I think it's useful to distinguish between the historic and artistic value of monuments, and their continuing memorial value. A monument or statute or piece of public art should probably be removed if it still performs a memorialising task for some intersubjectively defined evil. Thus in post-Cold War Eastern Europe, lots of statues were removed, as they were active symbols of the oppressive state, not simply neutral pieces of history or art. But in some places, the statutes were removed to a special park where they could remain on display because of their enduring historic and artistic value. So you can go to 'Memento Park' in Budapest, for example, and see a collection of old realist pieces that used to adorn the streets of the capital, together with a little museum about communist rule (though of course it shouldn't be forgotten that this park and museum themselves perform a political task, particularly in Orban's Hungary).

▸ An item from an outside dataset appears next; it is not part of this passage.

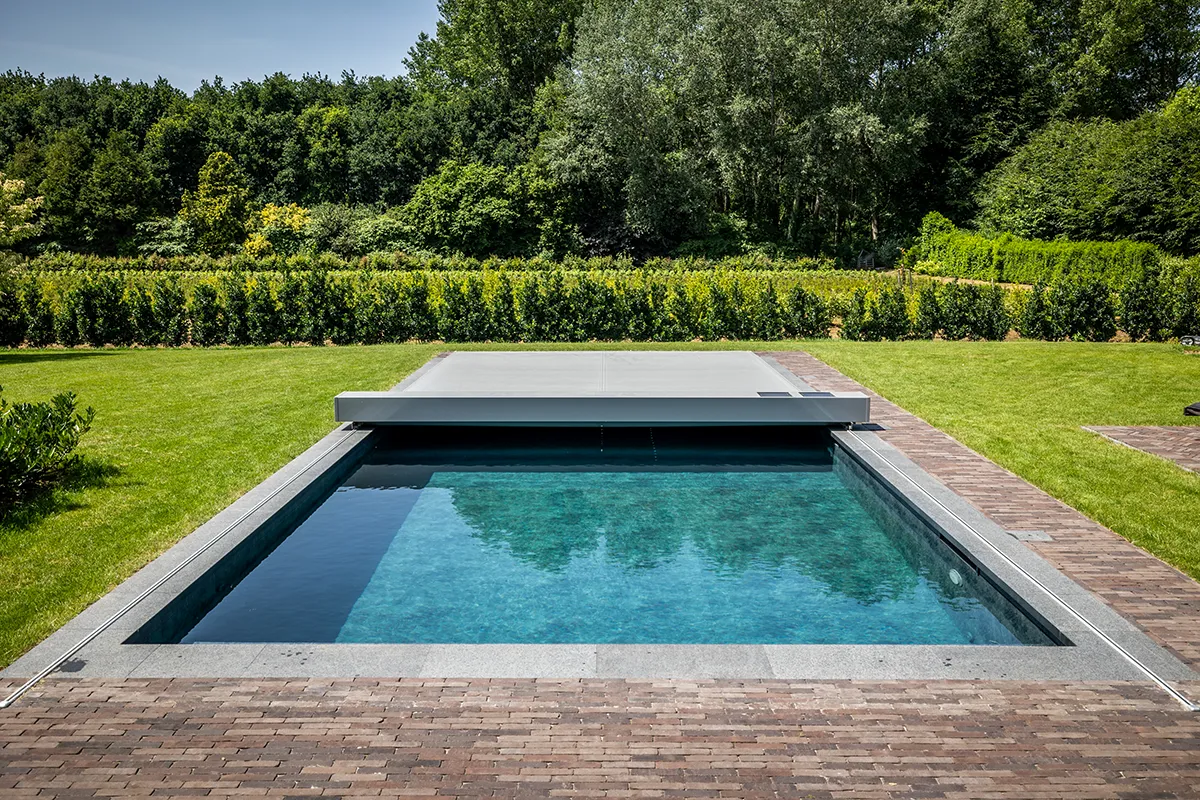 Piscine rectangulaire avec couverture grise Coverseal, entourée de pelouse verte et d'une haie, sous un ciel bleu clair.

Similarly, we don't tend to completely tear down historical buildings that stood for oppressive or evil regimes, with some exceptions such as Nazi buildings in Germany, because those buildings themselves performed a memorialising task.
So removing Confederate monuments makes perfect sense, but so too would keeping them in place inside a museum dedicated to teaching people about the US Civil War. What is objectionable is keeping them in place if they still perform the role of memorialising the lost confederacy; to say it's tearing down history would miss the point of the continuing political function served by Confederate memorials in the South.